The Graphical Editing Analysis Query System (GEAQS) has been developed by the U.S. Energy Information Administration (EIA) as a tool to reduce survey costs and reduce the amount of paper generated.
It builds on the concepts and features of four other systems - the ARIES system, the Bureau of Census working group prototype, the Graphical Macro-Editing application of Statistics Sweden, and the Distributed
EDDS editing Project (DEEP) of the Federal Reserve Board. GEAQS constructs an anomaly map to summarize the relationship of various levels of data aggregates, flags questionable aggregates through the use of color,
makes use of the tools of exploratory data analysis to identify outliers and suspicious responses, and capitalizes on time series information through graphs.
To significantly reduce data collection and processing costs, and reduce software lifecycle costs, EIA is currently developing a new Common Collection and Processing System (CCAPS) and Master Universe Database (MUD).
It is highly desirable for an efficient data editing system to be adopted in CCAPS. As a result, GEAQS is being piloted on the Natural Gas Monthly survey and tested for its effectiveness and adaptability for use by
other EIA surveys.
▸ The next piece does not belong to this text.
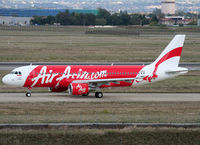 F-WWBI @ LFBO - C/n 4462 - To be PK-AXM - by Shunn311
The current system’s edit rules and parameters were transferred into the GEAQS to evaluate the efficiency of the system and its ability to replicate the results of the current system. This paper
describes the results of the comparison of the current production hard copy output process to the graphical approach using the same edit rules.
KEYWORDS:
validation, macro-editing, micro editing, anomaly map
1. Introduction
The use of graphical approaches were cited in the Statistical Policy Working Paper No. 18 "Data Editing in Federal Statistical Agencies" released by the Data Editing Subcommittee of the U.S. Federal Committee on Statistical Methodology. Graphics, particularly screen graphics, were found to be a preferable approach by the data analysts, and screen graphics greatly reduced the amount of paper generated during the survey cycle by the previous batch system. The recommendations of the Data Editing Subcommittee included the need for survey managers to evaluate the cost efficiency and timeliness of their own editing practices and the implications of important technological developments such as microcomputers, local area networks, and various communication links. It also recommended that more attention is given to the future roles of subject matter specialists and the tools needed to perform their jobs. The use of graphics promoted a rethinking about the possibilities for improving the data review capabilities of the analyst through simultaneous views of multiple levels of analysis. This led to the development of a new graphical editing system that took advantage of the concepts and features of several graphical systems. The Graphical Editing Analysis Query System (GEAQS) merged the ideas of: (1) the anomaly map of the BLS ARIES system which summarizes the relationship of various levels of aggregates, and flags questionable aggregates through the use of space and color; (2) the tools of exploratory data analysis, such as box-whisker plot combined with subject matter specialists' expertise to identify unusual cases, as described by the Census Working Group prototype; (3) the tool bars, dialogue boxes, and icons of the Graphical Macro-Editing Application at Statistics Sweden, which allow the GEAQS user to point-and-click on an aggregate in the anomaly map, the box-whiskers, or a data point on the scatter graph; (4) the Distributed EDDS Editing Project (DEEP) of the U. S. Federal Reserve Board, which displays multiple times series graphs of individual respondents with the ability to point at an observation and obtain text comments regarding that observation. Like the Federal Reserve System, GEAQS was developed in PowerBuilder, but also uses Pinnacle graphics server to help generate graphs. The use of PowerBuilder and Pinnacle resulted in quicker development time and less cost.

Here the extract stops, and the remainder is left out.